▸ Source material
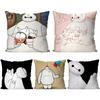 1pc B-Baymax Animated Character Pillow Case Square Pillow BedroomSofaLeisureComfortCushion Car Living Room Home Decoration 40X40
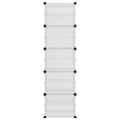 vidaXL Stojan na topánky priehľadný 44x31,5x153,5 cm PP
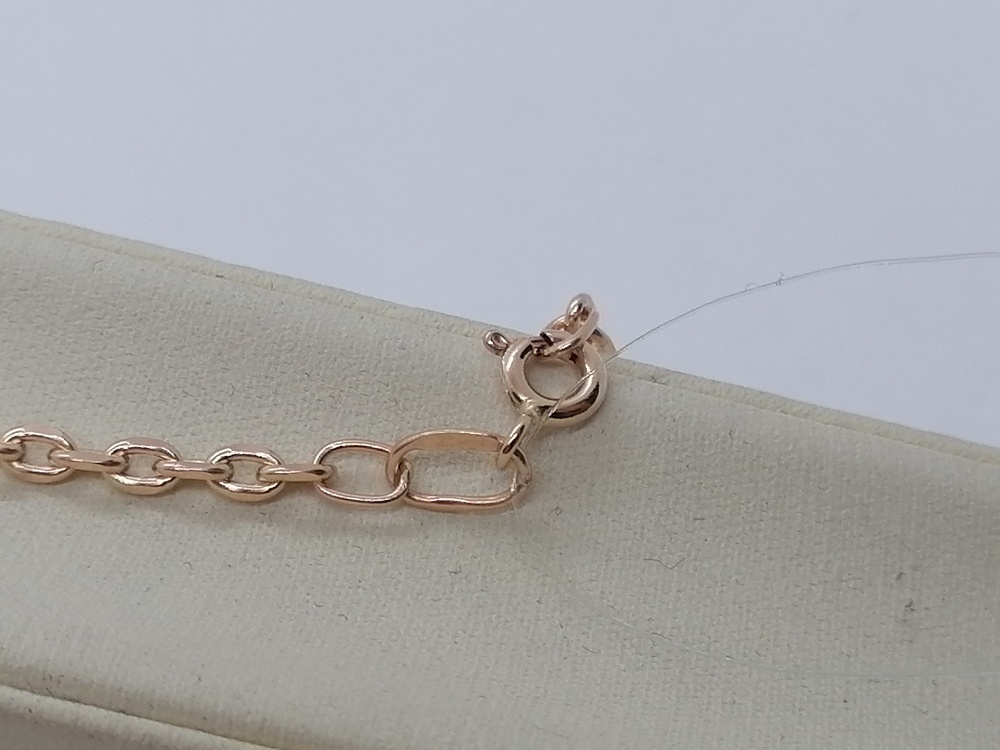 8080208П-60 ЦЕПЬ ПУСТОТЕЛАЯ Якорное (Au 585)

▸ The task
Give again, word for word, the lines above from the one with "vidaXL Stojan na" through the final line of the data, both ends included. Do not copy any picture.

▸ Solution for this exercise
 vidaXL Stojan na topánky priehľadný 44x31,5x153,5 cm PP
 8080208П-60 ЦЕПЬ ПУСТОТЕЛАЯ Якорное (Au 585)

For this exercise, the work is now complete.